Since an outbreak began last August, 376 people in Michigan have contracted the sometimes fatal illness. It's mainly spread person-to-person via contact with feces.
Angela Minicuci is with the Michigan Department of Health and Human Services.
"We haven't found one contaminated food source or exposure at this point," she says, "but we are seeing a lot of relation to people who are using opioids or drugs."
People who are, or have been incarcerated, are also considered at higher risk of getting hepatitis A, as are homeless people.
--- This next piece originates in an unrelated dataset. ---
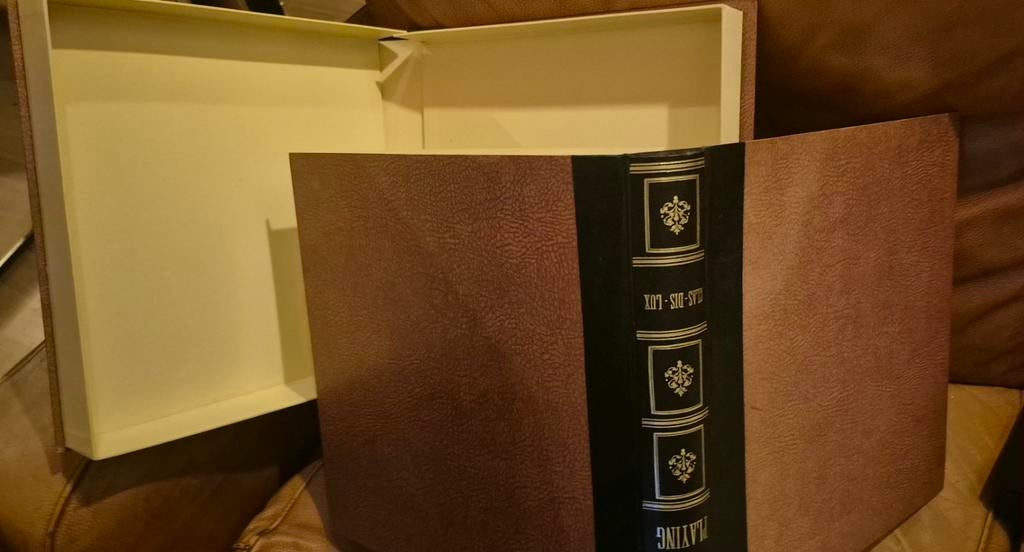 Boîte de rangement (faux livre) pour LPS, Enlèvement ou Envoi, Moins de 35 cm, Comme neuf, Moins de 40 cm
A staggering 86% of those who've gotten hepatitis A in the state since last year have been hospitalized. Fourteen people have died.
Most of the cases have been in southeast Michigan, including a recent case involving a worker at Cardamom, a popular restaurant in Ann Arbor.
It's possible people who ate at Cardamom between September 16 and October 3 were exposed.
Minicuci says people with concerns should contact their doctor.
"And from there your health provider can decide if you need that exposure prophylaxis, which is the treatment, or if your best bet is to get vaccinated."
Hepatitis A can be prevented with a vaccine. It is now regularly administered to children.
According to the World Health Organization, in developing countries with poor sanitary conditions and hygienic practices, most children (90%) have been infected with the hepatitis A virus before the age of 10 years .
Those infected in childhood do not experience any noticeable symptoms. Epidemics are uncommon because older children and adults are generally immune. Symptomatic disease rates in these areas are low and outbreaks are rare.
In developed countries, children often escape infection in early childhood and reach adulthood without immunity. Ironically, these improved economic and sanitary conditions may lead to an accumulation of adults who have never been infected and who have no immunity. This higher susceptibility in older age groups may lead to higher disease rates and large outbreaks can occur in these communities.